*DATA EXCERPTS*:
*** Block opens ***

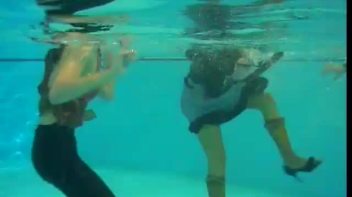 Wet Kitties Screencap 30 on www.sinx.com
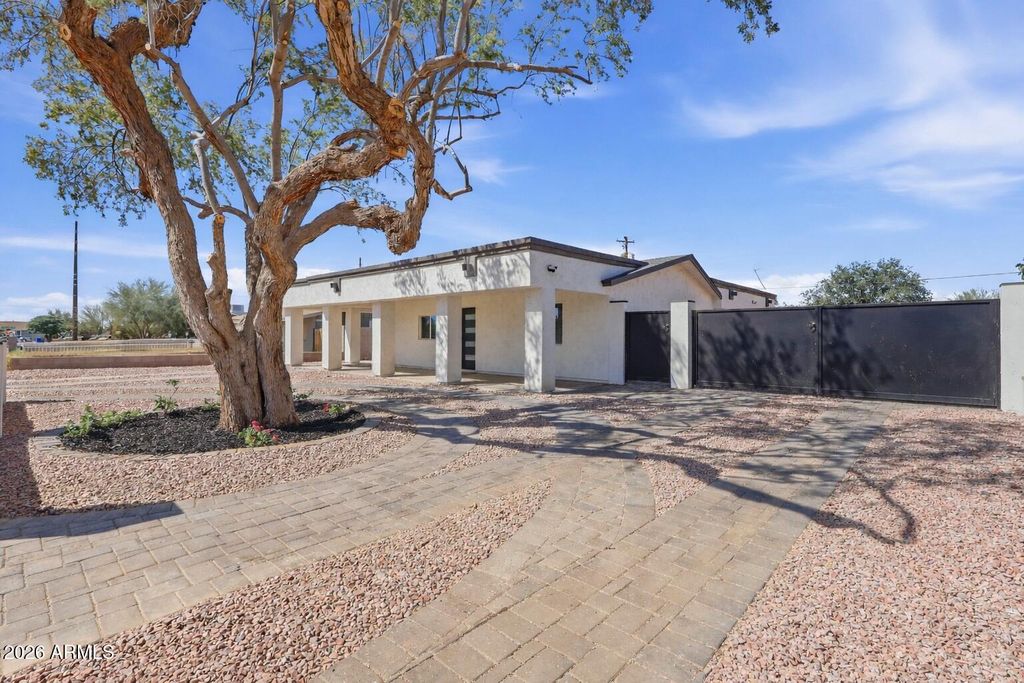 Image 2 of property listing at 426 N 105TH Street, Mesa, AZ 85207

*** Block closes ***
*** Block opens ***

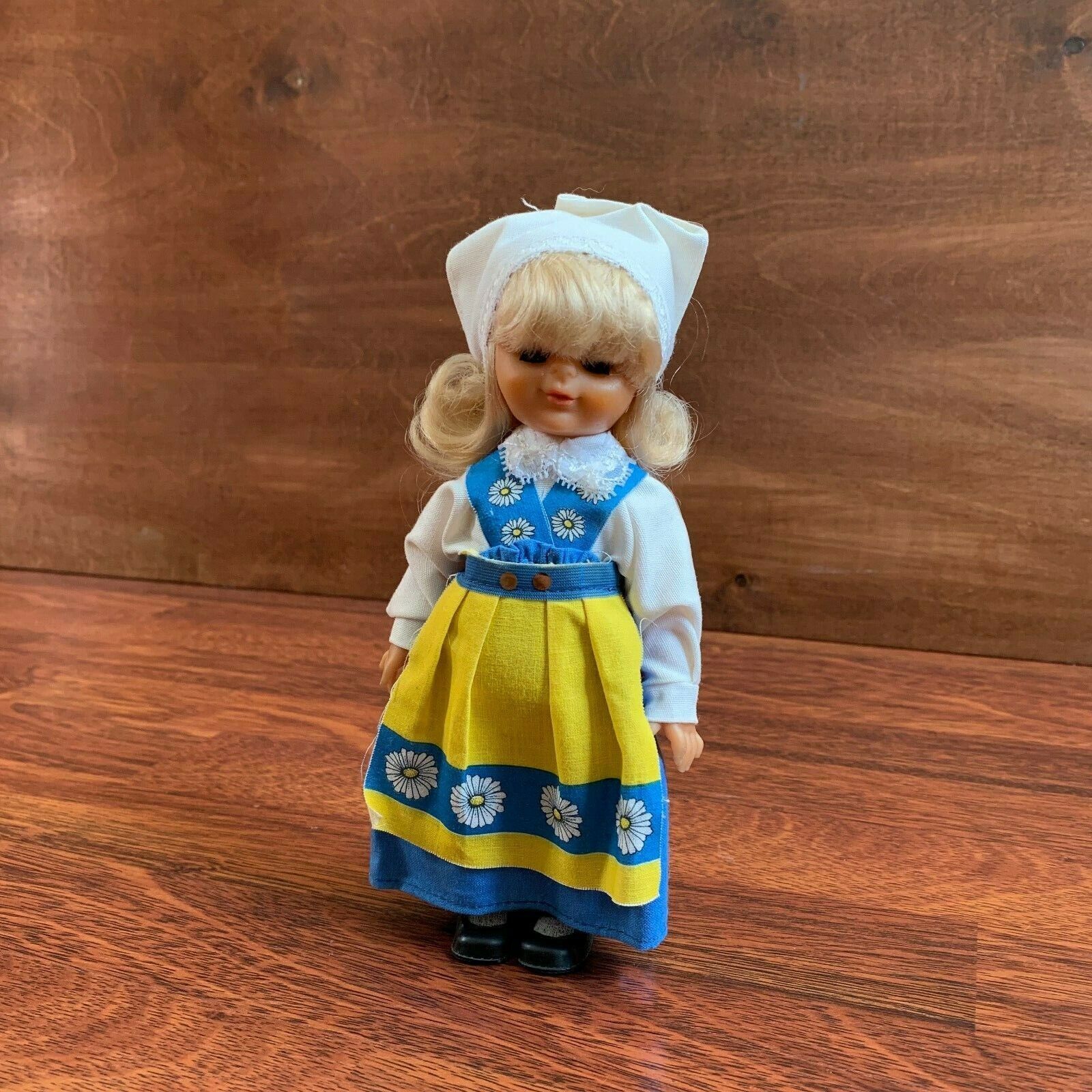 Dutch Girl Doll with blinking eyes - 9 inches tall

*** Block closes ***
*** Block opens ***

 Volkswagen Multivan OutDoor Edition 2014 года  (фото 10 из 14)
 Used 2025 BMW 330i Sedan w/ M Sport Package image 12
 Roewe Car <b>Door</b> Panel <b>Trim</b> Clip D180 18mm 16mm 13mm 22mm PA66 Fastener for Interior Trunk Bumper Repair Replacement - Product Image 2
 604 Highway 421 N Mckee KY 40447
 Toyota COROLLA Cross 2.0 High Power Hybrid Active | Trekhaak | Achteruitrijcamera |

*** Block closes ***

*TASK PROMPT*: From the line holding "Roewe Car <b>Door</b>" to the line holding "Toyota COROLLA Cross", inclusive, restate each line above exactly as written.

*OUTPUT FOR THIS EXERCISE*:
 Roewe Car <b>Door</b> Panel <b>Trim</b> Clip D180 18mm 16mm 13mm 22mm PA66 Fastener for Interior Trunk Bumper Repair Replacement - Product Image 2
 604 Highway 421 N Mckee KY 40447
 Toyota COROLLA Cross 2.0 High Power Hybrid Active | Trekhaak | Achteruitrijcamera |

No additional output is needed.